Hey, remember
this? Well, I'm guessing I didn't win anything or get into finals, because nobody's told me anything and I'm not anywhere on their website.
Anyway, the rules were to take some idea from history somewhere that was wrong and make it right or continue it in the future; a "what if" story. It had to be no more than 350 words, including the title, so my story is 349 ;).
My idea that I took from history was the belief that drinking Mercury would make you immortal. Chinese emperors and nobles would drink Mercury in daily doses in order to become gods.
Evolution
At first it caused an incalculable occurrence of ailments: sickness and a chronic tiredness, uncontrollable demons which grew inside one’s very own body. Babes died before birth and minds refused knowledge. In our foolishness, we thought it merely a test of our worth.
When at last the hellish maladies had passed, we’d thought ourselves proven right and that soon we would become immortal like the Gods. Soon we would bleed naught but the liquid metal that was now steadily leading us into the Heavens.
It was Mercury, named for the Messenger and surely brought to us by him. We took it in a moderate dose with each meal. Gradually each dose grew larger, and each meal smaller. Before long there was no meal, only metal.
In just four months the plagues returned and departed. Thereafter, we lived gratefully in perfect constitution.
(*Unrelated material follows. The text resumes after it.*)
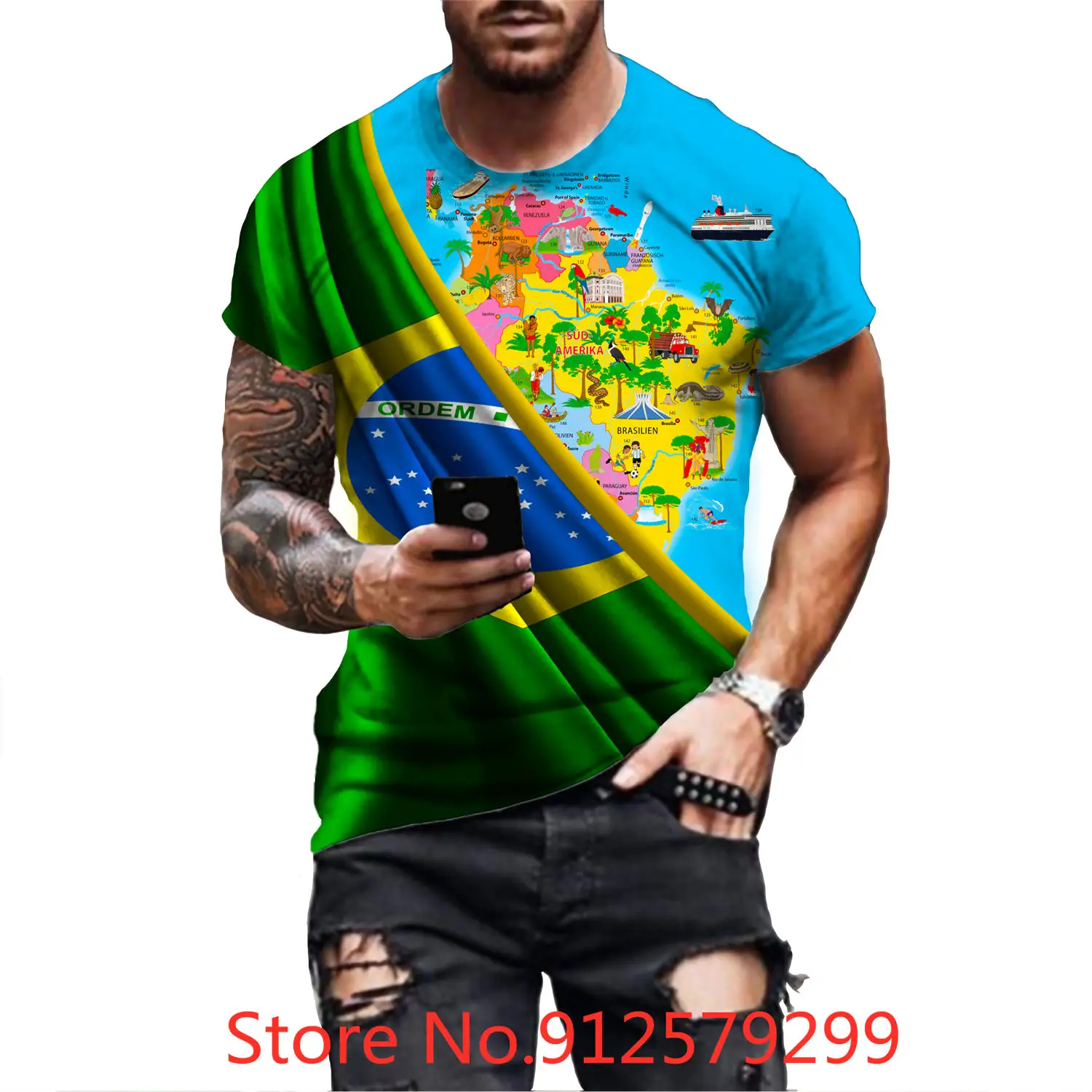 Мужская футболка с коротким рукавом 3D-принтом бразильского флага в стиле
We were nearly holy and we reveled in it, lorded it over the heads of the peasants we commanded. This higher level of purgatory, this blissful stasis, has lasted us for generations. Only now are we beginning to feel our stagnation.
Mercury has stopped coming to us and we are quickly depleting our stores. We will soon starve.
For eons my people had no desire for a scientist, in fact for no thinker at all. As Mercury fled them, they came to me crying and begging on their knees in their noble’s purple. ‘Save us’ they beseeched me, and to save them I promised.
I am dying now, though I have found my people their cure to death. It’s a simple answer we’ve held all along. Humbly, eternal life comes from things that grow and the animals we slaughter for sport. It comes in death; only then can we ascend to meet our makers. I will not go there, for I am not human, nor are any of us. Endeavoring to become like the Gods, we have mutated into beings they cannot recognize and so cannot love.
My people won’t be cured. I will die here and then cease to be. This is the sad result of Evolution.